A sponge region is applied for the outlet area r∕D > 5, that smoothly forces the values of pressure, velocity and entropy to reference values. This destroys vortices before leaving the computational domain. The reference values at the outlet were obtained by a preliminary large eddy simulation of a greater domain.

2.6 Kolmogorov Scales

The scales of turbulent motion span a huge range from the size of the domain to the smallest energy dissipating ones. Since the turbulent kinetic energy is transferred downwards to smaller and smaller scales, the smallest ones have to be resolved by the numerical grid in order to obtain a reliable solution of the turbulent flow. They are given with the kinematic viscosity ν and dissipation rate ε by \(l_{\eta } \approx \left (\frac{\nu ^{3}} {\epsilon } \right )^{\frac{1} {4} }\) and are valid for isotropic turbulence, that occurs at sufficiently high Reynolds numbers. The Reynolds numbers of 3300 and 8000 can be considered as low in that context or not sufficiently high to obtain isotopic turbulence. Therefore the Kolmogorov microscales provide a conservative clue.

The ratio of the mesh width to the Kolmogorov length scale \(r_{K} = \left (h_{x}h_{y}h_{z}\right )^{1/3}/l_{\eta }\) reaches a maximum value of 1.6 (Re = 3300, subsonic) respectively 2.1 (Re = 3300, supersonic) at the lower wall.
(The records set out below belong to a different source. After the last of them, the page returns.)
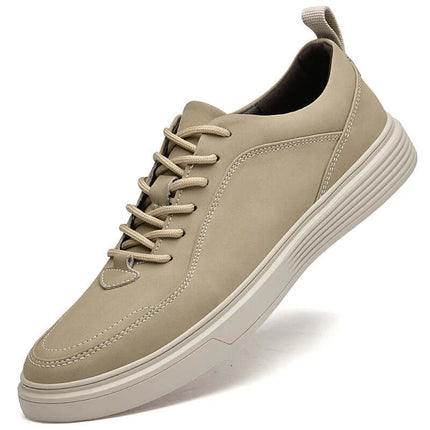 Zapatillas Riviera de cuero italiano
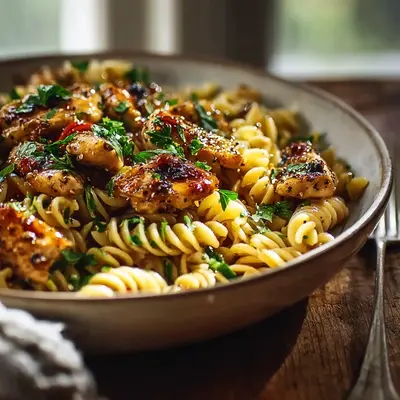 Honey Pepper Chicken Pasta: Sweet Heat Weeknight Wonder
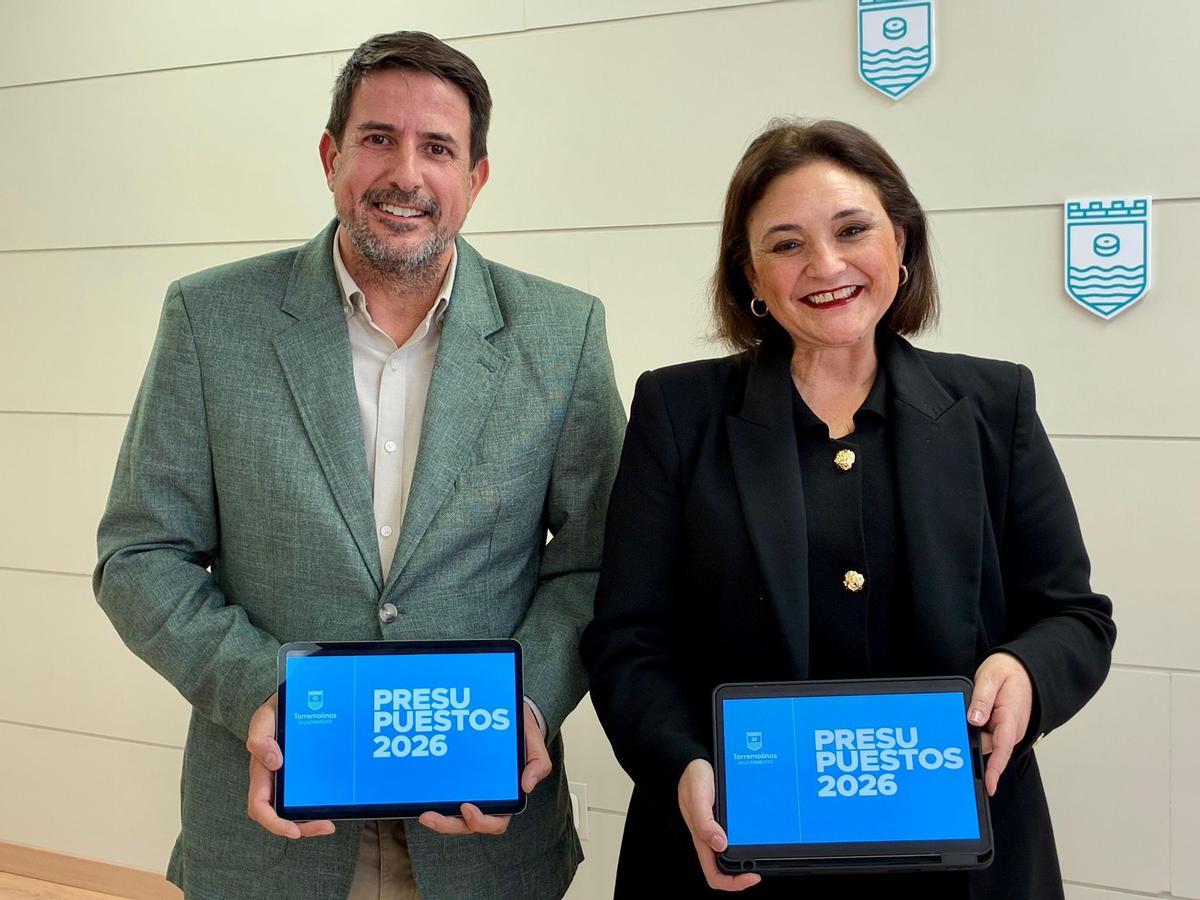 Torremolinos contará en 2026 con un presupuesto de 120 millones de euros.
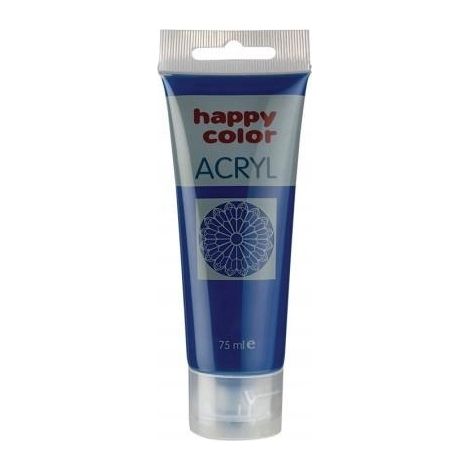 Vernice acrilica 75 ml blu navy metallizzato (333) 1406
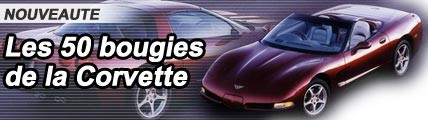 Les 50 bougies de la Corvette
For supersonic turbulent boundary layers, Pirozzoli et al. [18] showed that the typical size of small-scale eddies is about 5. . 6l _η. A strongly different behaviour for a boundary layer of high subsonic Mach number is not expected. The maximum ratio in the area of the free jet is r _K = 1. 3 (Re = 3300, subsonic) respectively r _K = 1. 5 (Re = 3300, supersonic) and of the wall jet is r _K = 1. 5 (Re = 3300, subsonic)/r _K = 1. 5 (Re = 3300, supersonic). At the standoff shock a value of r _K = 2. 7 occurs and marks the global maximum.

2.7 Boundary Layer

In addition to the criterion due to turbulent motion of the jet, the boundary layer including the viscous sub-layer also has to be resolved appropriately in order to achieve reliable results of the heat transfer at the impinging plate. The maximum dimensionless wall distance y ⁺ of the present simulations Re = 3300 and (Re = 8000) occurs at \(r/D = 0.46\) and reaches a value of \(y^{+} = 0.64\) (\(y^{+} = 0.58\)). The minimum number of points in the viscous sub-layer y ⁺ ≤ 5 is seven (eight) for the entire domain. Figure 4 shows the velocity- and temperature boundary layer profile for different distances from the stagnation point. u ⁺ and T ⁺ are the dimensionless radial velocity and the dimensionless temperature.

Fig. 4

Mean boundary layer profiles for different radial positions. Black: Re = 3300; red: Re = 8000. Thick line: \(r/D = 0.5\), Dashed line: \(r/D = 1.0\); Dotted line: \(r/D = 1.5\); Dashdotted line: \(r/D = 2.0\); line with circles: \(r/D = 3.0\); line with asterisks: \(r/D = 4.5\); Thin line: \(u^{+} = y^{+}\), \(u^{+} =\) ln\((y^{+})/0.41 + 5.1\) respectively \(T^{+} = Pr\:y^{+}\). (a) Dimensionless Velocity; (b) Dimensionless Temperature

2.8 Dynamic Mode Decomposition

A dynamic mode decomposition (DMD) is used to relate coherent structures to the heat transfer characteristics of subsonic impinging jets (Sect. 3) and to tonal noise of the supersonic impinging jets (Sect. 4). The Dynamic Mode Decomposition (DMD) as described by Schmid and Sesterhenn [21–23] extracts dynamic information out of a sequence of snapshots for a specific time interval that are either generated experimentally or numerically. The temporal dynamics of the flow is approximated by a linear snapshot to snapshot operator. The dominant eigenfunctions of this evolution operator (companion matrix) form a set of dynamically relevant modal structures. The so called dynamic modes accurately describe the motion of the fluid and can be interpreted as a generalisation of global stability modes. The mathematical background as well as the algorithm are given in [21, 22].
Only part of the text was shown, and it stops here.